Jerry Wilson

No. 88, 82, 76
- Position: Defensive end

Personal information
- Born: December 9, 1936 Birmingham, Alabama, U. S.
- Died: March 5, 2015 (aged 78) Birmingham, Alabama, U. S.
- Listed height: 6 ft 3 in (1.91 m)
- Listed weight: 238 lb (108 kg)

Career information
- High school: Phillips
- College: Auburn
- NFL draft: 1959 (2nd round, 14th overall pick)

Career history

Playing
- Philadelphia Eagles (1959–1960); San Francisco 49ers (1960); Boston Patriots (1962)*; Toronto Argonauts (1962–1964);
- * Offseason or practice squad member only

Coaching
- Atlanta Spartans (1964) Assistant coach;

Awards and highlights
- NFL champion (1960); National champion (1957); Third-team All-American (1958); 2× First-team All-SEC (1957, 1958); Alabama Sports Hall of Fame (2008);

Career NFL statistics
- Fumble recoveries: 2
- Stats at Pro Football Reference

= Jerry Wilson (defensive end) =

American football player (1936–2015)

Gerald Roscoe Wilson (December 9, 1936 – March 5, 2015) was an American professional football player who was a defensive end for the Philadelphia Eagles (1959–1960) and San Francisco 49ers (1960) of the National Football League (NFL).
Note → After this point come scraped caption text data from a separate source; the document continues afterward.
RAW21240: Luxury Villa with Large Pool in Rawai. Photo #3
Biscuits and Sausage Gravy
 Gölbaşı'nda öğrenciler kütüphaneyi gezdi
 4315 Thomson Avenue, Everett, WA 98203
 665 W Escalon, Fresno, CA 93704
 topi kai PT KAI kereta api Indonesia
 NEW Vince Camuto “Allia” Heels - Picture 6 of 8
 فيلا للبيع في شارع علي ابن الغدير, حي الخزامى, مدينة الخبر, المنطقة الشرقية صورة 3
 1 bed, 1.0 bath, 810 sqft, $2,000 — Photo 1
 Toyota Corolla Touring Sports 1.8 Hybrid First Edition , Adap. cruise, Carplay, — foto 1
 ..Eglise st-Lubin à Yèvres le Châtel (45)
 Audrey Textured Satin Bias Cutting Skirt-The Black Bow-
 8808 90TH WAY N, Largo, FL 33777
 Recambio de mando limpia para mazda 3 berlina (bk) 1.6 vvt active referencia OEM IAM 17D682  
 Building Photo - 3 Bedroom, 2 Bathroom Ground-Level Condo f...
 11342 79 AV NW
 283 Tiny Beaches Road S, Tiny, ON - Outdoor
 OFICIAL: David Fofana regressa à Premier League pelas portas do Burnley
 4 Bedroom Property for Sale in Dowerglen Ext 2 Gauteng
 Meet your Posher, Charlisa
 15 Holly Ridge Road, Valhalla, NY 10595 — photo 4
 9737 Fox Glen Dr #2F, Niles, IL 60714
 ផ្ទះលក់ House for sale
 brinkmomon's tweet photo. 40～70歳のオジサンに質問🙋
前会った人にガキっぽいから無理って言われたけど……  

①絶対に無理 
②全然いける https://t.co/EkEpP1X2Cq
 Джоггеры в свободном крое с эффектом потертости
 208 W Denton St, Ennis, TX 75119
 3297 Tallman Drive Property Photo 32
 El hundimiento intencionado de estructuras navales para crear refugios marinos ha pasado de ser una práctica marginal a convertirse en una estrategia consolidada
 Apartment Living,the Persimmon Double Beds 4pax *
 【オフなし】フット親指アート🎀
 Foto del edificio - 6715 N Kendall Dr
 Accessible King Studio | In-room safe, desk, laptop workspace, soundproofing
He also played for the Toronto Argonauts (1962–1964). Wilson played college football for the Auburn Tigers, helping them win an NCAA national championship. He graduated from Phillips High in Birmingham, Alabama.

==NFL career==
Wilson was selected in the second round of the 1959 NFL draft by the Chicago Cardinals. Before entering a regular season game, he was traded to the Philadelphia Eagles on September 4, 1959, for Jerry Norton. Included in the deal to the Eagles was Bob Konovsky. Midway through the 1960 season, Wilson was traded to the San Francisco 49ers.

==Post-NFL==
In 1961, Wilson was called to active duty for overseas duty in the Air National Guard. He returned in 1962 to play two years with the Toronto Argonauts of the Canadian Football League.